I am holding this child in my arms, and I am thinking, “I will never let you suffer. I will never let you suffer. I will never let you get cold. I will never let you get hungry. Wherever you go, even if you have to go off by yourself, I will watch you and I will follow you.  I will make sure that nothing happens to you. And as long as I am alive, you will have food, you will have clothing, you will have a place to live. You will be safe.” Then I realized what I had just said,“As long as I am alive… “ Then I realized that that is no promise at all. What is that? I am lying to my child. Then I thought, ”What if I could somehow provide for my child all the way until the time of his death.” Then I thought, “Yeah, but when my child dies, can I guarantee that that death won’t be a suffering? Can I guarantee that it won’t be a terrible feeling of loss or that it won’t be painful in some way?”  No. Can I absolutely assure thatmy child is going to die in a painless way? No. There is nothing that I can do about that. I don’t have that kind of power.

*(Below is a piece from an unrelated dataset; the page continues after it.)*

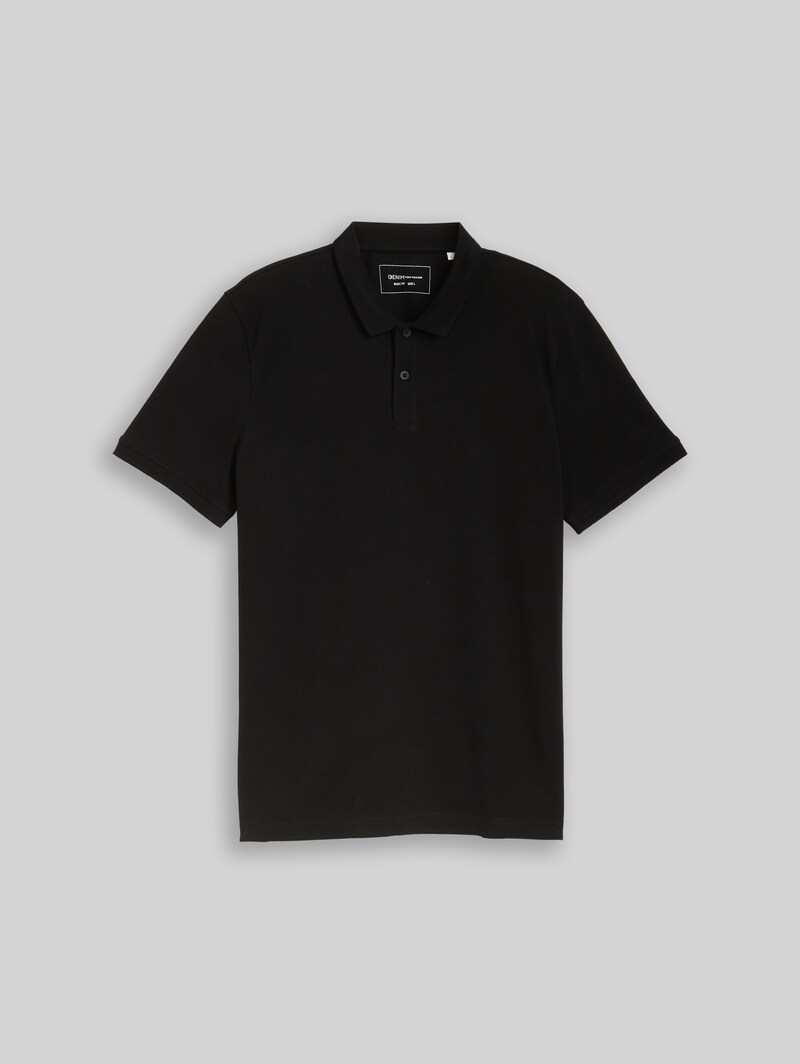 Tom Tailor Piqué Poloshirt aus Baumwolle - Black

So I thought to myself, ”How disgusting! Here I am holding my newborn baby in my arms and I am making all these promises and I am lying. The first thing I have done for my child is to lie to him. That really made me unhappy. I just couldn’t think what to do. So I used that as a way to practice. I thought to myself, “Therefore, this temporary reality, the human reality, is worth nothing. If there is a way to absolutely embody this primordial wisdom nature, I know this nature is not limited by death. I know this nature is something that is all pervasive. I know it. I don’t know how I know it, but I know it. I think to myself, “If only I could really embody this nature, then somewhere in there is the way to protect my child.

It was being a mother that really taught me how to feel the same way about sentient beings because ultimately I came to understand that if you look at two children side  by side because you are the mother of one but not of the other…What is that? These are both my children. How do I say that this one is not my child but this one is? I couldn’t. That doesn’t even make any sense to me.